DATA EXCERPT –

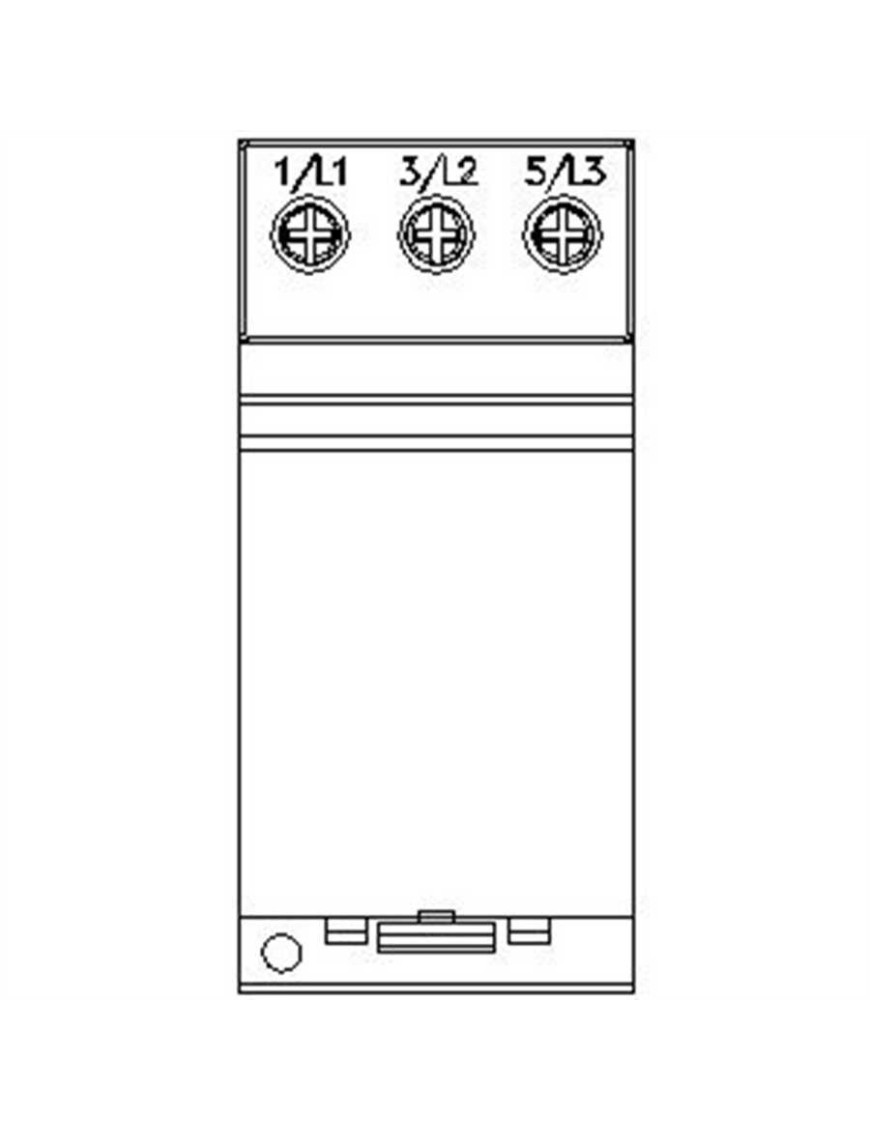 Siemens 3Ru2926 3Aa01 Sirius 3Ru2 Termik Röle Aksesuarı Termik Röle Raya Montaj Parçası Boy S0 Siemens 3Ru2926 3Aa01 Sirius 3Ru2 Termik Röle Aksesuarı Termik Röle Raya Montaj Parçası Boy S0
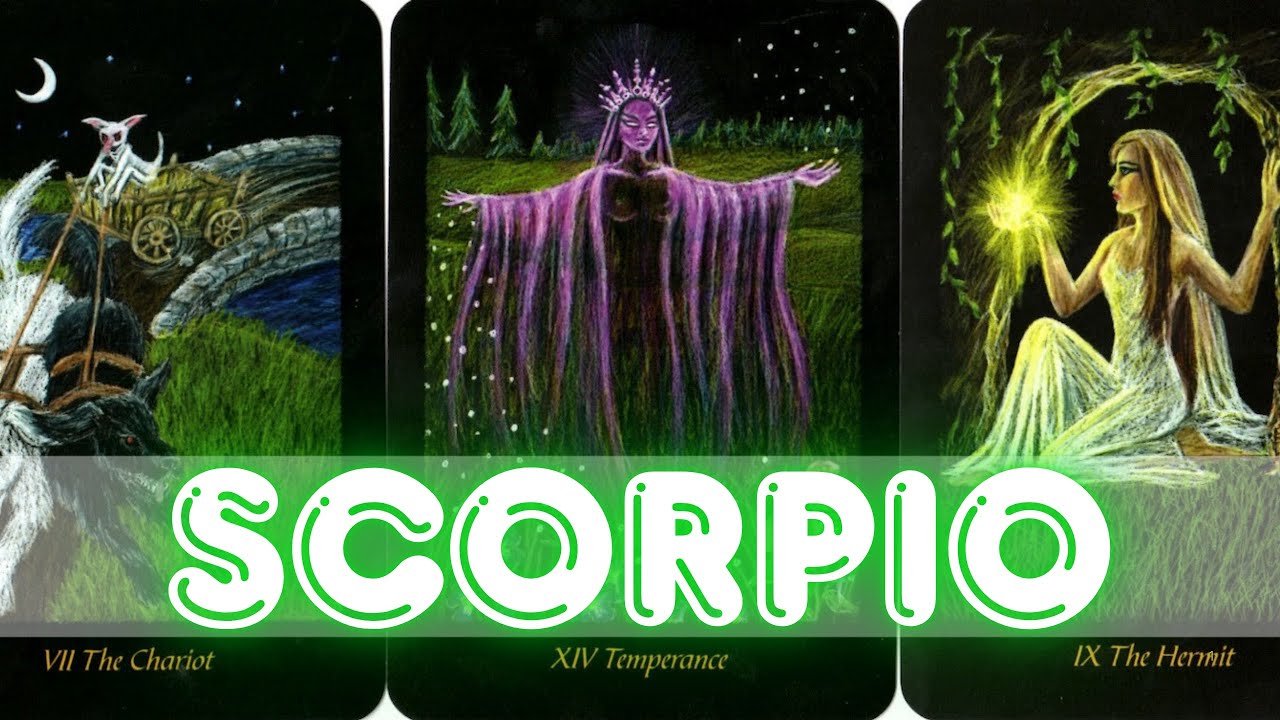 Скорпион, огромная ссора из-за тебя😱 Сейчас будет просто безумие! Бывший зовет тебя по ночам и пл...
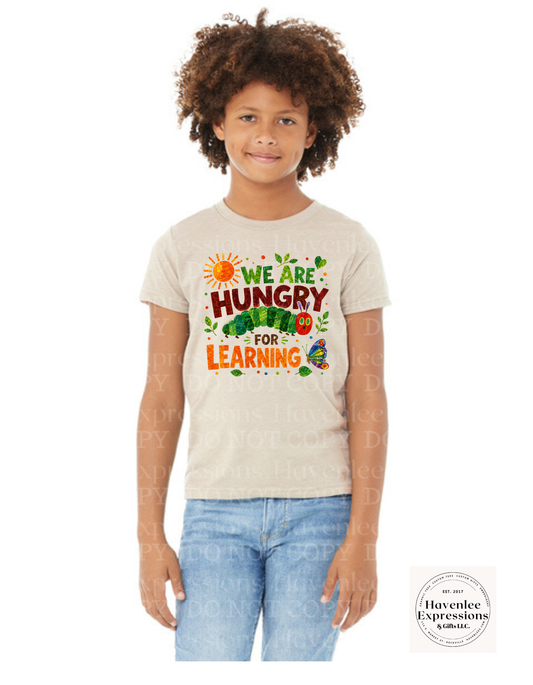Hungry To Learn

TASK GOAL – Reproduce the whole listing above word for word, dropping each image.

ANSWER –
 Siemens 3Ru2926 3Aa01 Sirius 3Ru2 Termik Röle Aksesuarı Termik Röle Raya Montaj Parçası Boy S0 Siemens 3Ru2926 3Aa01 Sirius 3Ru2 Termik Röle Aksesuarı Termik Röle Raya Montaj Parçası Boy S0
 Скорпион, огромная ссора из-за тебя😱 Сейчас будет просто безумие! Бывший зовет тебя по ночам и пл...
Hungry To Learn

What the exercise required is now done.